Read The Lady With the Little Dog and Other Stories, 1896-1904 Page 26


  ‘Please understand,’ the doctor would try and convince her, ‘if you build a school and generally do good deeds, it’s not for the peasants, but in the interests of culture, it’s for the future. And the worse the peasants are, the more reason there is for building a school. Please understand that!’

  But there was no conviction in his voice and it struck me that he detested the peasants as much as Masha did.

  Masha often went to the mill with my sister and they would both laugh and say that they were going to look at Stefan because he was so handsome. As it turned out, Stefan was taciturn and slow on the uptake only with men; with women he was free and easy and could never stop talking. Once, when I went down to the river for a swim I happened to overhear them. Masha and Cleopatra, in white dresses, were sitting on the river bank in the broad shade of a willow, while Stefan stood nearby with his hands behind his back.

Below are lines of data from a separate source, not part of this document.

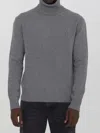 Ami Alexandre Mattiussi Grey Cashmere Turtleneck In Grey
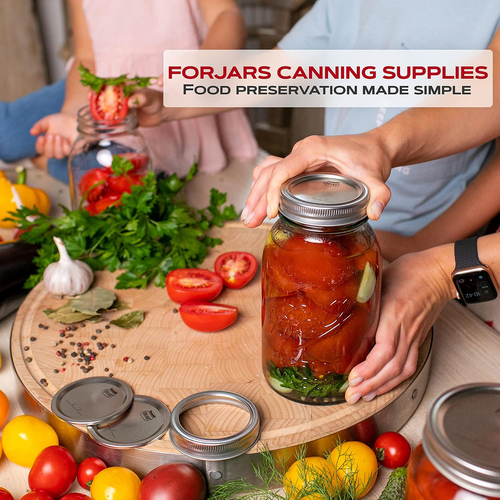 FORJARS Canning Lids for Regular or Wide Mouth Jars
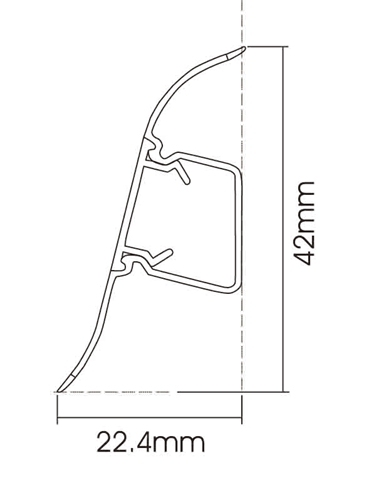 PVC P44-A Skirting Board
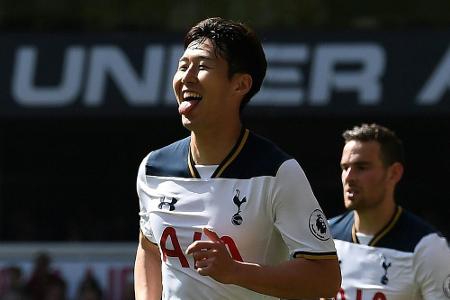 Son zweifacher Torschütze bei Tottenham-Sieg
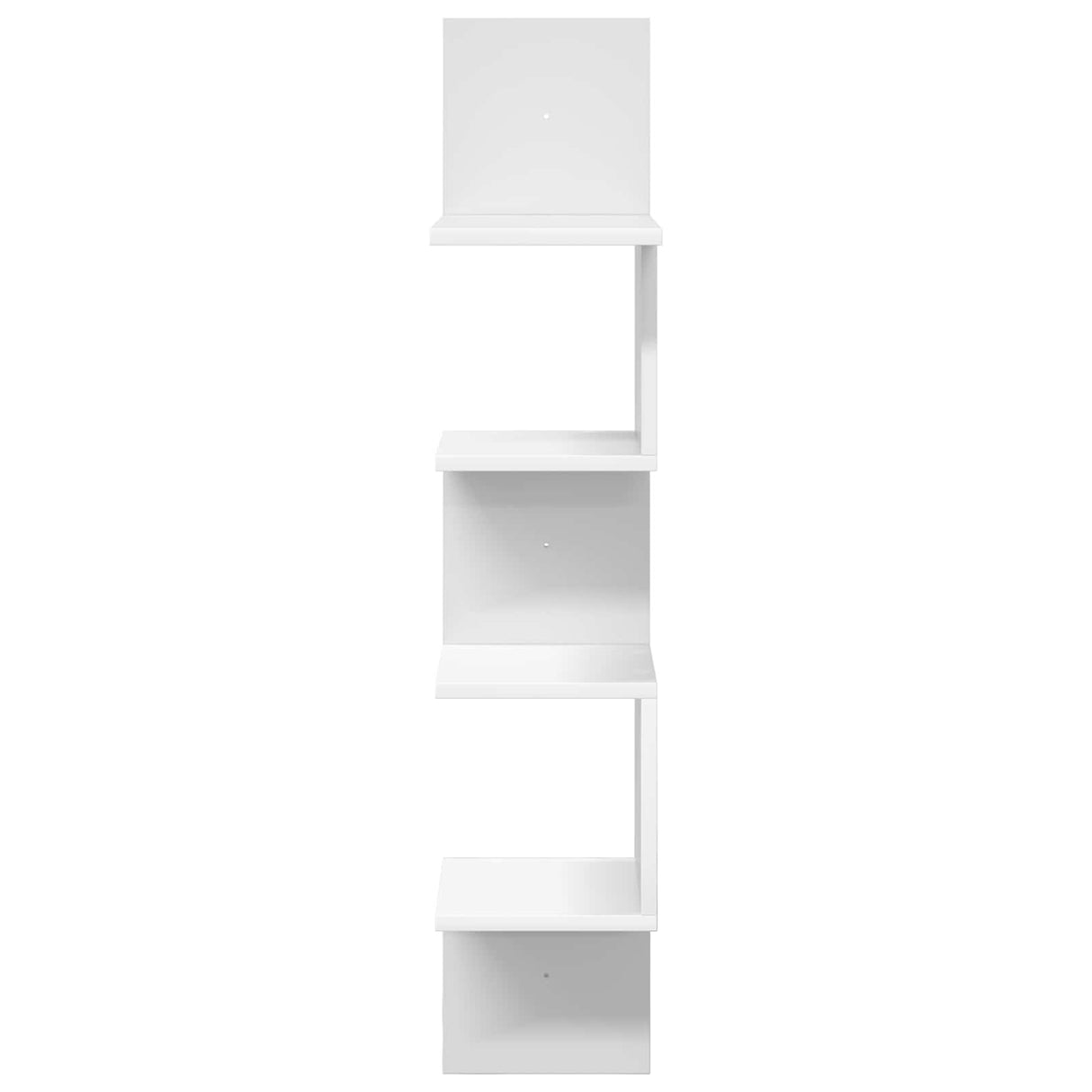 Wall Shelf Wall-Mounted White 32 x 21 x 107 cm Engineered Wood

  ‘D’ye think them peasants is human beings?’ he asked. ‘No, they’re not. Begging your pardons, they’re wild animals, crooks. What kind of life does a peasant lead? Drinking and eating the cheapest stuff he can get and bawling his head off in the pub. And he can’t talk proper, can’t be’ave, no manners. He’s an ignorant oaf! He wallows in muck, so’s his wife, so’s his children. He sleeps in his clothes, picks spuds out of the soup with ’is fingers, drinks kvass with black beetles an’ all – don’t ever trouble his self to blow’em away!’

  ‘But he’s so dreadfully poor!’ my sister interrupted.

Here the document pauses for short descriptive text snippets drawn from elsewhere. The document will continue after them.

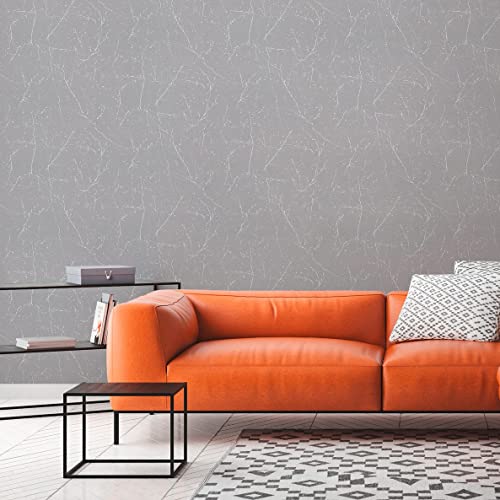 A.S. Création Tapete Natur Grau Weiß Terra 385043 - Vliestapete Äste - 10,05 m x 0,53 m Made in Germany von A.S. Création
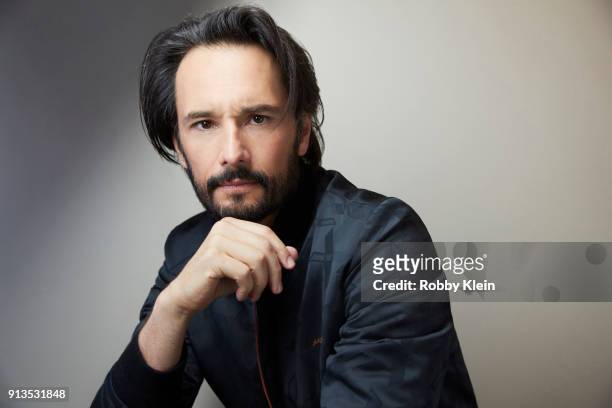 Rodrigo Barriuso from the film 'Un Traductor' poses for a portrait in the YouTube x Getty Images Portrait Studio at 2018 Sundance Film Festival on...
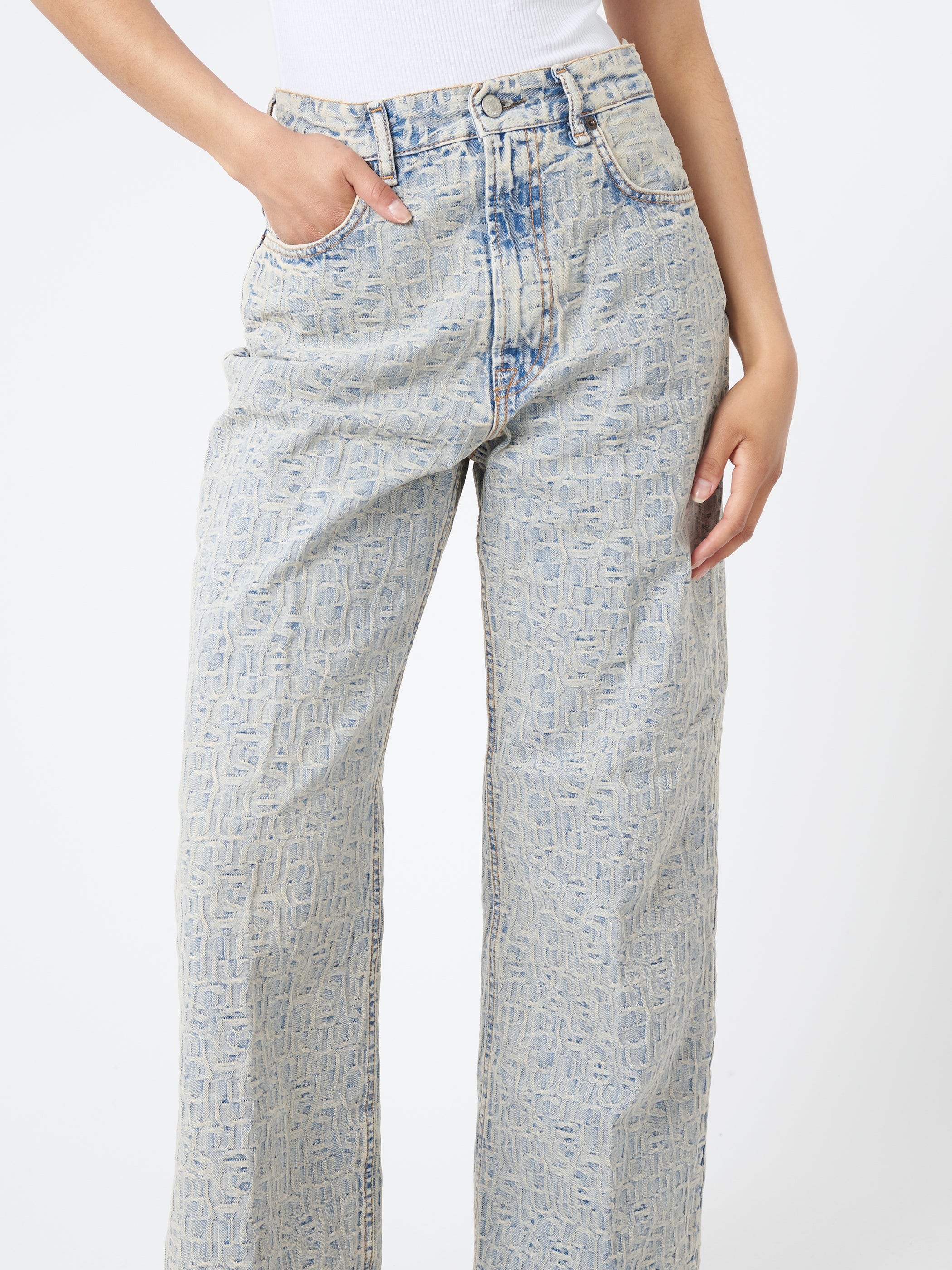 2022 Monogram Relaxed Fit Jeans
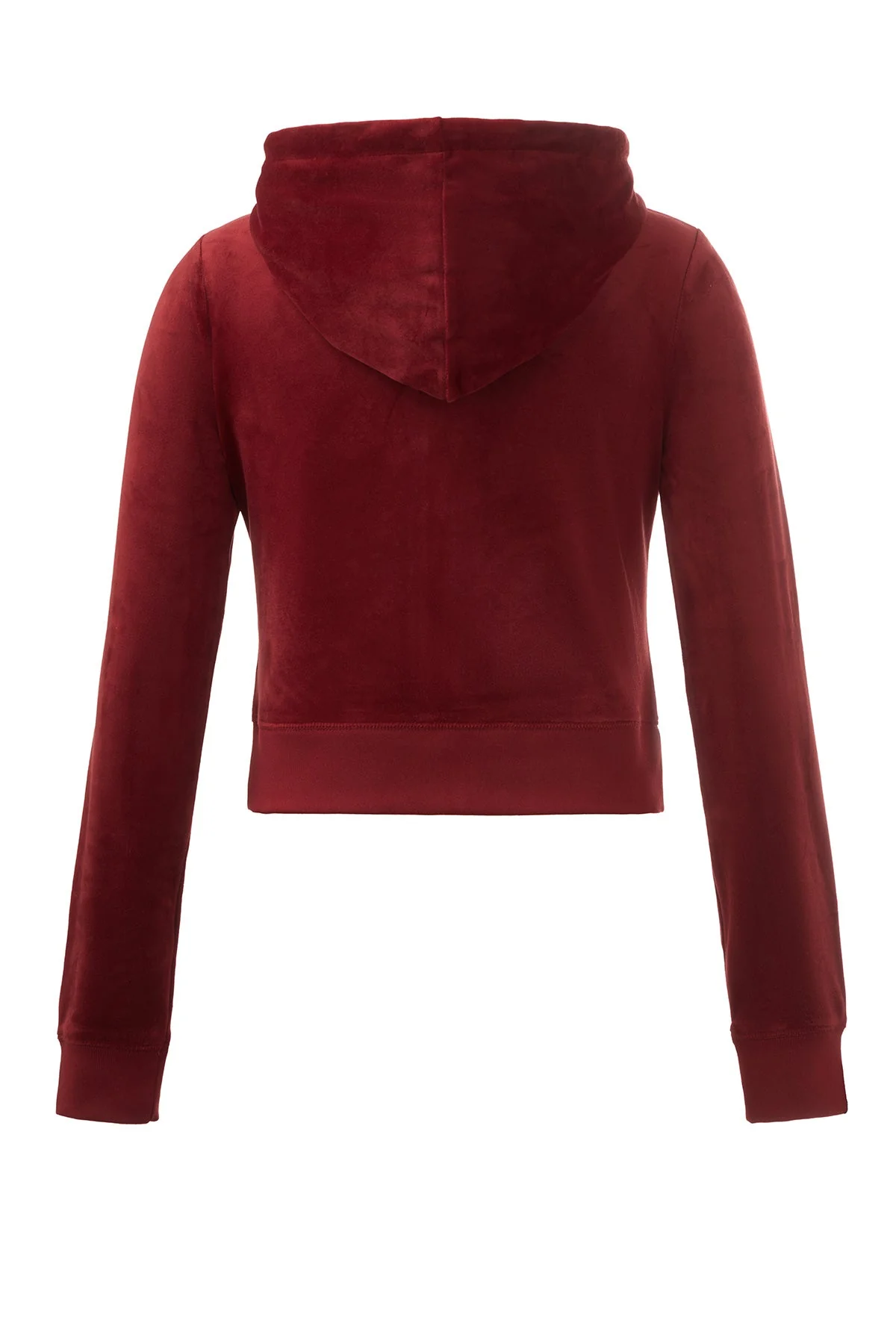 Front Mixed Crystals Velour Hoodie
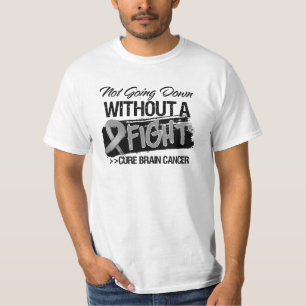 T-shirt Ne descendant pas sans combat - cancer du cerveau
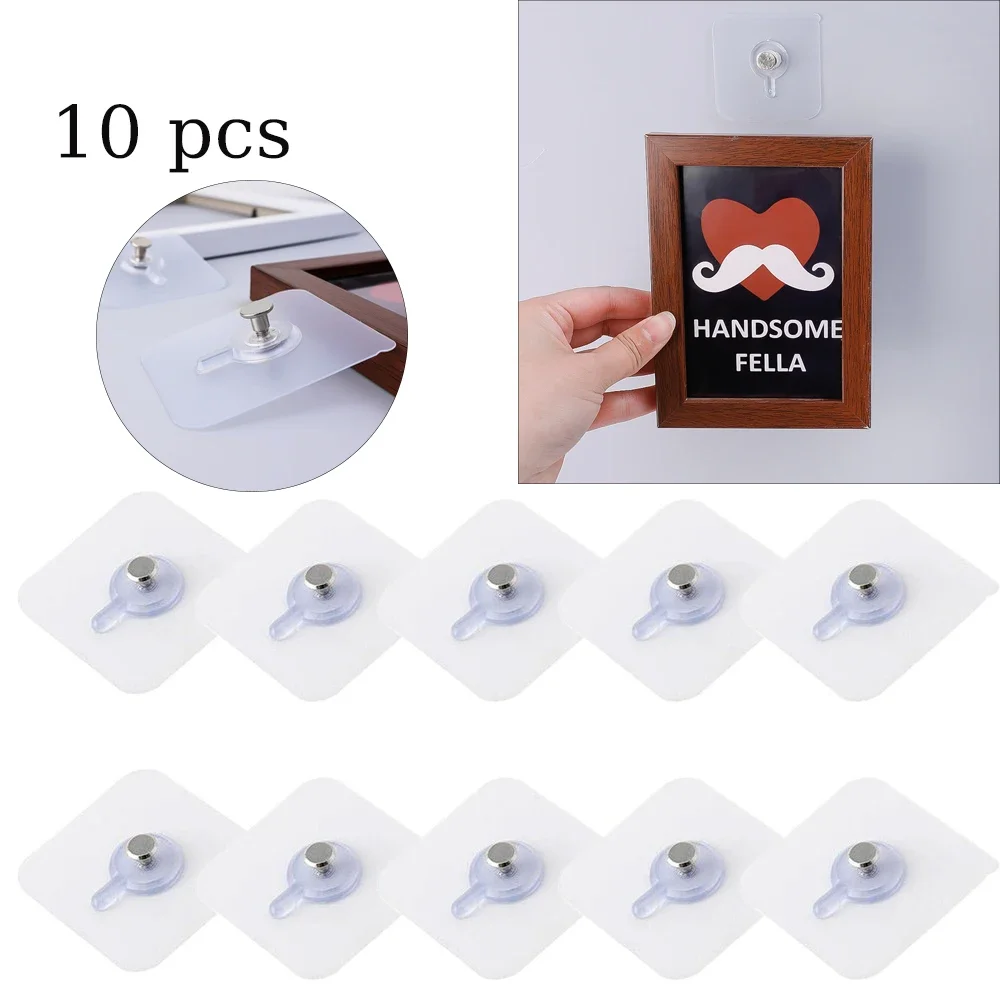 Seamless Wall Hook Adhesive Sticky Hanger Picture Photo Frame Clock Hanging No Drill Hole Nail Mounting Rack Stickers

  ‘What d’ye mean poor! He’s just not well-off; there’s all kinds of not being well-off, lady. If someone’s in jail, or blind, or hasn’t got no legs, you wouldn’t wish that on anyone. But if he’s free, has’ is wits about him, has eyes and hands, faith in God, what more does he need? It’s just pampering hisself, lady. It’s ignorance but it ain’t poverty. Supposing you honest folk with your fine education tried to help him, out of pity. Why, he’s so low he’ll spend all the money on drink. Even worse, he’ll open a pub’ is self and use your money to cheat his own people with. You mentioned poverty. But does a rich peasant live any better? Begging your pardons, he lives like a pig too. He’s a bully, a loudmouth, a blockhead, broader than he’s long, with a fat red mug. I’d like to take a swing and bash the bastard’s face in. That old Larion from Dubechnya, he’s got money, but I’ll bet he’s as good at stripping the trees in your forest as the poor ones. And he’s got a foul mouth, and his children. And as soon as’ e’s had a drop too much he’ll flop face first into a puddle and fall asleep. They’re not worth a light, lady. It’s hell living in the same village as them. I’m sick and tired of the village and I thank the Lord above I’ve enough to eat. I’ve got clothes, I’ve served my time in the dragoons, was a village elder for three years and now I’m a free man. I live where I like. I don’t want to live in the village and no one can force me. Folk tells me I’ve a wife, that it’s my duty to live in a cottage with my wife. But why? I wasn’t taken on as a servant.’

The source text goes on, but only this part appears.